Tuesday, July 3, 2018

Empirical Medicine at its best

I climbed the 8 flights today--catching the cool breeze of the rainy season through the open windows in the stairwell. The hospital seemed exceptionally more crowded today than yesterday, or perhaps the haziness of jetlag has let up. My first task today was to give a lecture on treating pain, agitation and delirium in the ICU. I got a brief look yesterday on how this is done, and usually with intermittent dosing of pain regimens while in the US our teams are accustomed to starting continuous infusions. Cost is a real issue here and all decisions are made with that in mind. My lecture went well but many of the limitations I discussed were based on availability of certain types of medications.

Following the 8a-9a lecture were rounds in the ICU. I led rounds today which was such an interesting experience. The ventilators are different the make-up of the teams is widely variable. The residents from yesterday are not the ones who presented today. The presentations are full and complete and often data is a few days behind and empiric decisions are being made--and often correctly as the practice of medicine is so artful here. To give an example, one particular patient who was improving the day prior started to have increased tracheal secretions (sputum production), he was not tolerating being weaned from the ventilator and had exam findings consistent with a new pneumonia. The CXR would take some time to obtain and the wbc count was from two days prior. However, our clinical gestalt was the deciding factor between just monitoring and starting antibiotics, we went with the latter.

The next patient was a 45 yo female who was admitted with a hemorrhagic stroke. The likely cause was uncontrolled hypertension or high blood pressure. One of the most important primary care campaigns in Ethiopia and arguably the world is the importance of recognizing hypertension. It is called the silent killer and with good reason. This woman did not even know she had high blood pressure until her stroke. Her stroke was quite large and she was treated with an osmotic agent to reduce swelling in her brain. Her mental status was a little better today and her blood pressure is now controlled. She is being fed via a feeding tube through her nose and neurosurgery has declined any surgical intervention. In a patient like this, with such a severe stroke she may have been kept in the ICU for a day or two longer but the truth is there are no further ICU interventions and she will be transferred to the general ward.

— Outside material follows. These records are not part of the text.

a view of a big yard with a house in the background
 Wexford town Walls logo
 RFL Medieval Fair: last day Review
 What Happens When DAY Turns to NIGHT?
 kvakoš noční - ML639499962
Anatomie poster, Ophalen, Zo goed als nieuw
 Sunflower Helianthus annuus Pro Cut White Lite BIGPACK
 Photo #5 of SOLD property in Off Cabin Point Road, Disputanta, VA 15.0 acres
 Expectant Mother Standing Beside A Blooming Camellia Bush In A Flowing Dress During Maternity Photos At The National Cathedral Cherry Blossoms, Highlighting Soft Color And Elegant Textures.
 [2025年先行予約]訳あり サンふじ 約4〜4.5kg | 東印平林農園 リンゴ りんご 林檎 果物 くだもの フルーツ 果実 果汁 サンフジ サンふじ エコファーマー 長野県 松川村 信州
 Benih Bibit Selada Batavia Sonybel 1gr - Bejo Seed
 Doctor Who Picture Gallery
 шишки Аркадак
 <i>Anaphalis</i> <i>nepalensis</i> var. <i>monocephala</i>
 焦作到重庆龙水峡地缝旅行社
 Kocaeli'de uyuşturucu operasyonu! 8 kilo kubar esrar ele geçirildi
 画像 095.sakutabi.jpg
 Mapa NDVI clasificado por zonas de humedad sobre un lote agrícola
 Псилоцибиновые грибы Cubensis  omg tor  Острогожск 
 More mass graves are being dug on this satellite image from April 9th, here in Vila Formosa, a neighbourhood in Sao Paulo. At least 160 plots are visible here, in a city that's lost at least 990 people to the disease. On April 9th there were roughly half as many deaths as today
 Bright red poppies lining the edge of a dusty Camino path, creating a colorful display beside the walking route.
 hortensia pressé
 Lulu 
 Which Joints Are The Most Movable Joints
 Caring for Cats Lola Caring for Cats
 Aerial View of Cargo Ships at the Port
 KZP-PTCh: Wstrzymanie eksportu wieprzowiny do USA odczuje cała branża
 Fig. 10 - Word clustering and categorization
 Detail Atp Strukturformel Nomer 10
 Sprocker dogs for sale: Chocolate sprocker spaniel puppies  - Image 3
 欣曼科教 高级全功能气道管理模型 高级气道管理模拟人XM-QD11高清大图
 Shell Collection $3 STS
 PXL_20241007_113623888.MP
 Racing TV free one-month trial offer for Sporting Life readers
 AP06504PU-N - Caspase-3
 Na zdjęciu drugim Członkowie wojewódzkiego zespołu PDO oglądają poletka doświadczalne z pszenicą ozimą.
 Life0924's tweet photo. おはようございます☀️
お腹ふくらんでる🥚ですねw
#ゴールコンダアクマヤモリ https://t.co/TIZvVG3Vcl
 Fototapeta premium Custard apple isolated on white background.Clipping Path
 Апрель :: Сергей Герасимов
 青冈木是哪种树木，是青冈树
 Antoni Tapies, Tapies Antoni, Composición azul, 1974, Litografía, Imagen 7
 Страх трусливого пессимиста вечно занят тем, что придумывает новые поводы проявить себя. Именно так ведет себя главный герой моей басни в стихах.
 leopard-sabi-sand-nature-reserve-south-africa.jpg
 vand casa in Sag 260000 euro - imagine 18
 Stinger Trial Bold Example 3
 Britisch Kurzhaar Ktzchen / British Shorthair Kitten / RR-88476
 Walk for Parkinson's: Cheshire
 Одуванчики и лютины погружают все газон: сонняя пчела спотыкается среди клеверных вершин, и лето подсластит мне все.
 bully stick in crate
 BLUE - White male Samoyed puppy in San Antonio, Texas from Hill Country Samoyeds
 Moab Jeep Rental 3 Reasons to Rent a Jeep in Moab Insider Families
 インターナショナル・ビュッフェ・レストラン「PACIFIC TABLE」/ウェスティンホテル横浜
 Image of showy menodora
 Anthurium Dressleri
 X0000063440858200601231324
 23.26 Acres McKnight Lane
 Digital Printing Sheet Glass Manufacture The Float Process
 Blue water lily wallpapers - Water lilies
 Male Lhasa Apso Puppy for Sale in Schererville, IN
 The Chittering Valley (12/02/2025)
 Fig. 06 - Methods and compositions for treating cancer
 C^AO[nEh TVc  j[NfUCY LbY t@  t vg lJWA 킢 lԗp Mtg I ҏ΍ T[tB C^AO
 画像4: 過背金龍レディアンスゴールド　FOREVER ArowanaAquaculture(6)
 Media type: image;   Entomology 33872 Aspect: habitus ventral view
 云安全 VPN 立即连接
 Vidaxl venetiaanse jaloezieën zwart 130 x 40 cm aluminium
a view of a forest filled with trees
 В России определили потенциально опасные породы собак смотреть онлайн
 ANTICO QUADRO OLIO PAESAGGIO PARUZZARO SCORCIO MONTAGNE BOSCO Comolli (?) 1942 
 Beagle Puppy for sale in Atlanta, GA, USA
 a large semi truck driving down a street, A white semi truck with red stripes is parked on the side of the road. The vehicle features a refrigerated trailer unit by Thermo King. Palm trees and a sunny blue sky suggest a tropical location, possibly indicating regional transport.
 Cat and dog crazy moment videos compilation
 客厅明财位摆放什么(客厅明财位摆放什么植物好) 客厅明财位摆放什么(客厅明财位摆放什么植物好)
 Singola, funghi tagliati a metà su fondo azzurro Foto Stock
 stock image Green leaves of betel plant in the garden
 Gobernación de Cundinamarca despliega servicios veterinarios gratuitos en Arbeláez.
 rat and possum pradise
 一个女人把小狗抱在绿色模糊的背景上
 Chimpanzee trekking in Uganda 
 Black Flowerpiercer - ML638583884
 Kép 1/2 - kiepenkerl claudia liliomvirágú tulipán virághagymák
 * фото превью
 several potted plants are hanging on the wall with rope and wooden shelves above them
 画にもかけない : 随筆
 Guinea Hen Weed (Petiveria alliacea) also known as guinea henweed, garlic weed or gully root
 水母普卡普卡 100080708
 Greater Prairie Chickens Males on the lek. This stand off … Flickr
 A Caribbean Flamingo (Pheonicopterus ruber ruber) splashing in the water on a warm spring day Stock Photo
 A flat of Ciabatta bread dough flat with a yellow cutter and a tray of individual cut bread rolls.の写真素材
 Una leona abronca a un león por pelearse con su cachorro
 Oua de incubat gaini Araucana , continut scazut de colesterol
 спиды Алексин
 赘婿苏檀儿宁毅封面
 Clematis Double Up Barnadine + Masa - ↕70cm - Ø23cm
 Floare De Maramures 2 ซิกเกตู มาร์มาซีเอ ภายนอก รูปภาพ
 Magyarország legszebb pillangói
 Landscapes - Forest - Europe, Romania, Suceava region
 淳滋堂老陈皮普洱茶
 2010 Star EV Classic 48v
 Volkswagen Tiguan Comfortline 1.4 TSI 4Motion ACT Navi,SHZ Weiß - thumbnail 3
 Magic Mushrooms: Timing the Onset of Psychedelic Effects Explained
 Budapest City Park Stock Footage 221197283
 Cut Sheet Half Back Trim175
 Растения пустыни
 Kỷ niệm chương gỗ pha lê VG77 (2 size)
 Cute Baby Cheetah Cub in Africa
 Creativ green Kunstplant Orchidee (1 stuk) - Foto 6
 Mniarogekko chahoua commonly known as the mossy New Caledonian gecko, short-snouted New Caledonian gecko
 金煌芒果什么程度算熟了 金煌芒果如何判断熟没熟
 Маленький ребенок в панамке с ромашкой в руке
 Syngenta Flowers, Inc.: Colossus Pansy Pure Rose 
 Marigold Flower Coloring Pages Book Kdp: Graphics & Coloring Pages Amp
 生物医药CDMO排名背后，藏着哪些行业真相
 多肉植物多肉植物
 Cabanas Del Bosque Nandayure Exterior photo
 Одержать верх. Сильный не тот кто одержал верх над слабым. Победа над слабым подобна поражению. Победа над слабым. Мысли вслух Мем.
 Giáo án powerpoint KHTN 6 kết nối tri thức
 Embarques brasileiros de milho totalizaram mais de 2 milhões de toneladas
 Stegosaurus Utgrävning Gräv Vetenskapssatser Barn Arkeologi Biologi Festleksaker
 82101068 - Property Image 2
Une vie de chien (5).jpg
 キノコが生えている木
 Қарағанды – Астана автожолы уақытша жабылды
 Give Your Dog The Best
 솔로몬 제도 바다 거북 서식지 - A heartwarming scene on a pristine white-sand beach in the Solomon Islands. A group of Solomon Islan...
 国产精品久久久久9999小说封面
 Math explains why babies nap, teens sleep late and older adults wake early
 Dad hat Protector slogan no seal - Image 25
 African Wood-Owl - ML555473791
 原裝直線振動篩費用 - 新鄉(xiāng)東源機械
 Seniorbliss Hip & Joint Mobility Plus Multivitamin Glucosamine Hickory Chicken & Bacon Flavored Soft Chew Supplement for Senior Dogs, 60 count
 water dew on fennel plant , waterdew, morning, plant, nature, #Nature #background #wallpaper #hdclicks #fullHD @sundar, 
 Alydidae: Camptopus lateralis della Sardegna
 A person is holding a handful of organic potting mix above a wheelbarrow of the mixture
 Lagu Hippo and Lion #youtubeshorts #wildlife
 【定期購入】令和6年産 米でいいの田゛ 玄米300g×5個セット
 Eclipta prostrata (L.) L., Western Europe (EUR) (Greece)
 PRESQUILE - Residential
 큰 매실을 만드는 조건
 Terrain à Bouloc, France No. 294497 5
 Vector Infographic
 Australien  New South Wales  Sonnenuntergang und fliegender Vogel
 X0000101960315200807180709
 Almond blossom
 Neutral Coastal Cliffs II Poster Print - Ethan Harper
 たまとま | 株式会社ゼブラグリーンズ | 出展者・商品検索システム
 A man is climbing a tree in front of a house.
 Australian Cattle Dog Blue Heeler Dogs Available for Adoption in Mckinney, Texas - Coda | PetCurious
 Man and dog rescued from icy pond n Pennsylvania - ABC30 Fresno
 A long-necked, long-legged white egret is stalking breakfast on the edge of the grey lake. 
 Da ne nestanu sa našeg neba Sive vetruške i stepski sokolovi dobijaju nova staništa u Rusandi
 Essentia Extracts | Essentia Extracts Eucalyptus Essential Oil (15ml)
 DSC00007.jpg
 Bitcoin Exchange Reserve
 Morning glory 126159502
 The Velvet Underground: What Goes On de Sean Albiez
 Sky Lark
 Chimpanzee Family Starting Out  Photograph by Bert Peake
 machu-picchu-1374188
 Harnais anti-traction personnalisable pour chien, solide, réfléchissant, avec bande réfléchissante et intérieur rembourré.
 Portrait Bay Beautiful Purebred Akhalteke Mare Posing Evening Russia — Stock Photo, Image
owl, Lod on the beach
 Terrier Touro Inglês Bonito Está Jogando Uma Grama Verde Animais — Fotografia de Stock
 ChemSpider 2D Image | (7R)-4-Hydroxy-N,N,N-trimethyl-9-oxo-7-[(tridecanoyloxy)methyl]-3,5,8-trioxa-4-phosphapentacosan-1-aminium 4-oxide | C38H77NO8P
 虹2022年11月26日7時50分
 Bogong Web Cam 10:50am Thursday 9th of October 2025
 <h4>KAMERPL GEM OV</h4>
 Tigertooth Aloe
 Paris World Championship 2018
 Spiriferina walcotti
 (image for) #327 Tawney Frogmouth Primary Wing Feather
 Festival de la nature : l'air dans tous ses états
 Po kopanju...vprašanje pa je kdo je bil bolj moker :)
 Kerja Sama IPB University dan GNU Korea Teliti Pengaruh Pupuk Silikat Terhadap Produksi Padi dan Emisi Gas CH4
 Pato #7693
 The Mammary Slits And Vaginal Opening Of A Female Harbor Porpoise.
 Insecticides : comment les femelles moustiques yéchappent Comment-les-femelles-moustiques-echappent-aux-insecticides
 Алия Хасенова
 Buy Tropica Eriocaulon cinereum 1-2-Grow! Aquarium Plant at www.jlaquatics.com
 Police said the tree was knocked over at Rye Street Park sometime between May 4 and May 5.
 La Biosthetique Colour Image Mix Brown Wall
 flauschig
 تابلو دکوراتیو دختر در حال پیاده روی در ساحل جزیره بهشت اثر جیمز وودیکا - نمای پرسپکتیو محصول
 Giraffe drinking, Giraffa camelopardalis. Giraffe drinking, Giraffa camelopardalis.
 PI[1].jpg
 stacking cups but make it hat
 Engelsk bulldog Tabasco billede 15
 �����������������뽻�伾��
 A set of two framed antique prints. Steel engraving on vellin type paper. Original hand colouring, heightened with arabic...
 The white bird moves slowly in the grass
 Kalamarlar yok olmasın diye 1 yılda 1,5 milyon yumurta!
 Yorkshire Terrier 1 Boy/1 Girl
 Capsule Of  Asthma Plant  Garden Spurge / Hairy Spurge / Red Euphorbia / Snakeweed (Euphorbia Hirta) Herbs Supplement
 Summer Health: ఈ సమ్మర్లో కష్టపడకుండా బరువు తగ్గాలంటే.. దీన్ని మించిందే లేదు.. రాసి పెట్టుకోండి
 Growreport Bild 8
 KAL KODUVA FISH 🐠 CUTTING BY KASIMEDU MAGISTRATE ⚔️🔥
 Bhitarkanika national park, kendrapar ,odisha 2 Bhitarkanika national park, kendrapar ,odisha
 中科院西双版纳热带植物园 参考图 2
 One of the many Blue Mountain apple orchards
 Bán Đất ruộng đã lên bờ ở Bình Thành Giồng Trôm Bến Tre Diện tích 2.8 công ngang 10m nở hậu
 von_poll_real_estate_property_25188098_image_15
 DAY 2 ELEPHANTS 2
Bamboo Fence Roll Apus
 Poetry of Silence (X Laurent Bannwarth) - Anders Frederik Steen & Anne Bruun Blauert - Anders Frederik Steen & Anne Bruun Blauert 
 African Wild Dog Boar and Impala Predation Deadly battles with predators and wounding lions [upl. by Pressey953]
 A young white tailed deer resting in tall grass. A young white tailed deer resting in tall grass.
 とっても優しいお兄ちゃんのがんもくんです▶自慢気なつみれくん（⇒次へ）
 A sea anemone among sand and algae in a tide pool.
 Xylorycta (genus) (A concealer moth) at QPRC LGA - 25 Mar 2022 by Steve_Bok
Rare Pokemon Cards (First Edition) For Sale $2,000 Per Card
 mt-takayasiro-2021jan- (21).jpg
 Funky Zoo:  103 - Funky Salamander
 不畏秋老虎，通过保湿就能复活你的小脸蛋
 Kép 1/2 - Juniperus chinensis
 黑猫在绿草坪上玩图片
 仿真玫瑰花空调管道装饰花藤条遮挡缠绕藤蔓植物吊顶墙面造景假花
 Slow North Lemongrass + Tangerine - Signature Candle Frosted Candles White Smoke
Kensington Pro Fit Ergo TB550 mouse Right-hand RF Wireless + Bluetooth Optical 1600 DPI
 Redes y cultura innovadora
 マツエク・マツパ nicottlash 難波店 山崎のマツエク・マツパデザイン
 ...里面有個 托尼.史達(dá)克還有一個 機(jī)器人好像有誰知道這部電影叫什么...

With the knowledge of a bed opening in the ICU we took 6 flights down to the ER to evaluate the potential candidates for ICU admission. Often if there is no room in the ICU we are at least able to provide our consultant services. We made a similar trek to the Emergency Room yesterday. It is on the 2nd floor and PACKED. There are just hoards of people everywhere and a feeling of helplessness as a medical professional is more than overwhelming. We entered the critical unit of the Emergency Room, similar to the "resuscitation bay" in most US Emergency Rooms. We attended to a woman just yesterday with likely a clot on her mechanical mitral valve in acute heart failure who I thought may still be there but she had unfortunately died and her place was taken by an equally sick patient. Today's patient was a young woman from a malaria endemic part of Ethiopia. She came in with fevers, mental status changes, a high heart rate and high respiratory rate and a borderline low blood pressure. Her kidneys were acutely injured and she was barely making any urine. She was in great distress, breathing over 40 breaths a minute, using all available muscles to breathe--an act most of us perform without any effort. Her blood smear was positive for Plasmodium Falciparium--the major cause of severe malaria.  The patient had many features, such as evidence of shock, impaired consciousness and renal impairment but she was missing other features such as severe anemia and the parasite load on the blood smear was not available. A key piece of her history is that she just recently was admitted for cleft palate surgery--this presentation happened only a few days after her surgery. Now sepsis was on the differential diagnosis. She was only being treated for malaria and we suggested antibacterial coverage as well and asked that she promptly be moved to the ICU. The unfortunate issue was that there were physically no more ventilators and she would likely require intubation and a respirator, almost certainly. I was not shocked by the limitation of available ventilators because this is not uncommon in a resource limited center. Just earlier today a patient on the ventilator was requiring bag-mask-valve ventilation while the oxygen tanks were being exchanged--a problem we do not ever see in a resource rich setting.

Every patient and all decisions made towards treating a patient, even down to the medications ordered has to come with a great deal of thought. The patient's families are responsible for obtaining and purchasing the medications needed if the hospital cannot provide it. This requires understanding the cost with each type of medication and the burden it places on the patient and their family. In truth we should be more mindful of this in the US but most hospital culture does not allow for that--at least not as readily as it probably should.